今年で創業から47年を数える「富士そば」に対し、まだ15年の「ゆで太郎」が勝負を挑むには味を選びました。製造原価は高くなりますが、駅前店舗の高い賃貸料を考えると見識のある判断です。
もう一つ「ゆで太郎」が採用している武器は、スタッフにシニア人材を積極的に採用していること。ほとんどの店舗のスタッフは、60代、70代のシニア層が主力メンバーとして仕事をしています。
店舗数でも、「富士そば」が132店なのに対し、「ゆで太郎」は直営78店、フランチャイズ店72店と頭一つ抜けています。資金力の不足をフランチャイズによってカバーしているカタチ。

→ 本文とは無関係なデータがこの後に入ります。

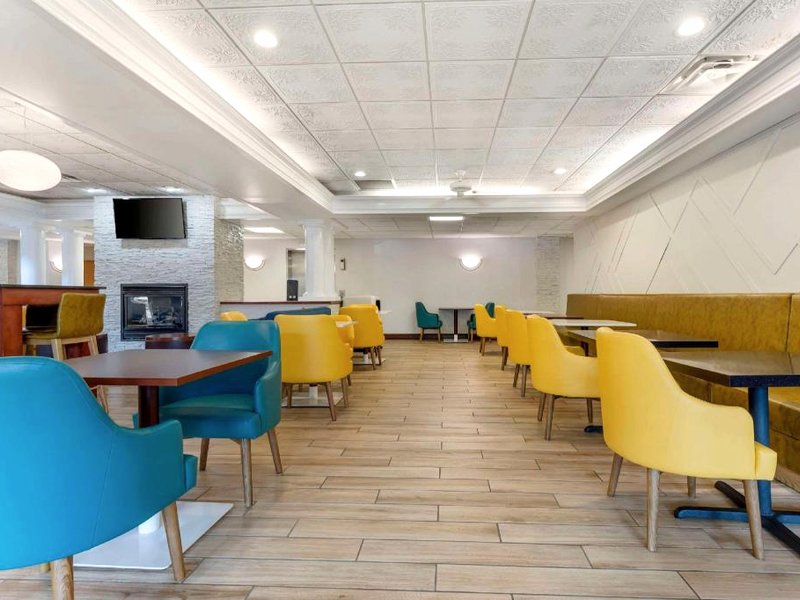 コンフォート イン&スイーツ ラベール カンバーランド (Comfort Inn & Suites LaVale - Cumberland)の写真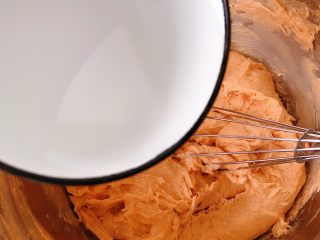 20、鲜虾片,加入刚烧开的沸水，到一点搅拌均匀后在到下一次，也可以一边到一边搅拌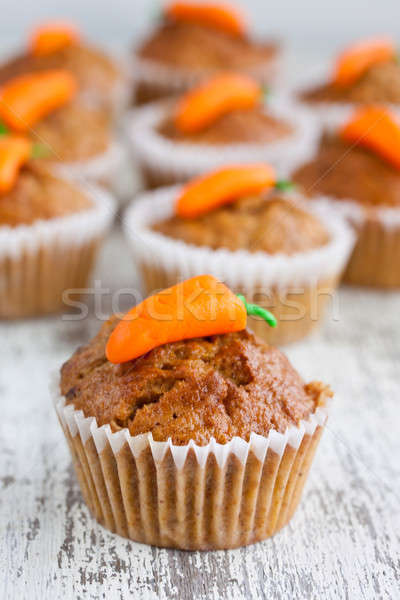 Foto d'archivio: Carota · focaccina · muffins · bianco · legno · tavola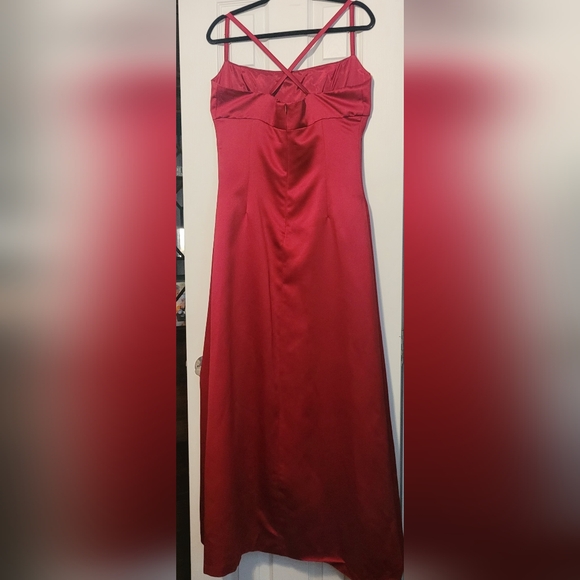 After Six Burgundy Wedding Dress - Picture 2 of 5
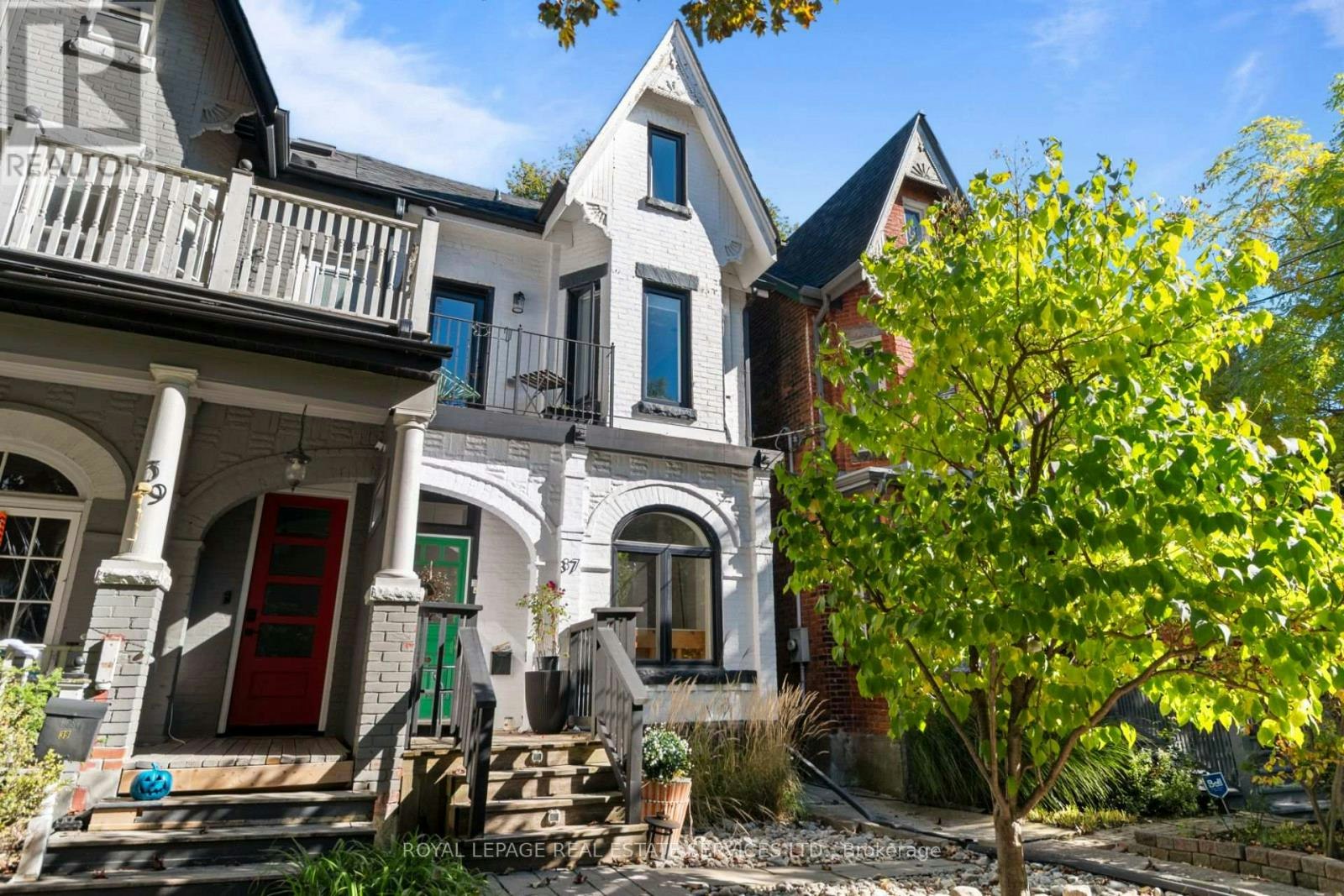 37 Fuller Avenue, Toronto, ON, M6R 2C4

現在のところ、人手不足問題も、トラック配送問題でも、「ゆで太郎」が有利に展開しています。これから起業する後続経営者にとって、「ゆで太郎」の選択手法は参考になるのでは。
【ひと言】
IT業界は後発企業が有利といわれます。その典型は中国社会で、物流やインフラが2周遅れと言われたのに、大掛かりなIT導入で今はネット販売で最も進んでいる国の一つ。ただ、対面販売やサービスをする社会では、古くからの老舗企業が強いです。これを負かせる方法を考えるのがこれからの起業創業者の腕です。知恵を絞って頑張りましょう。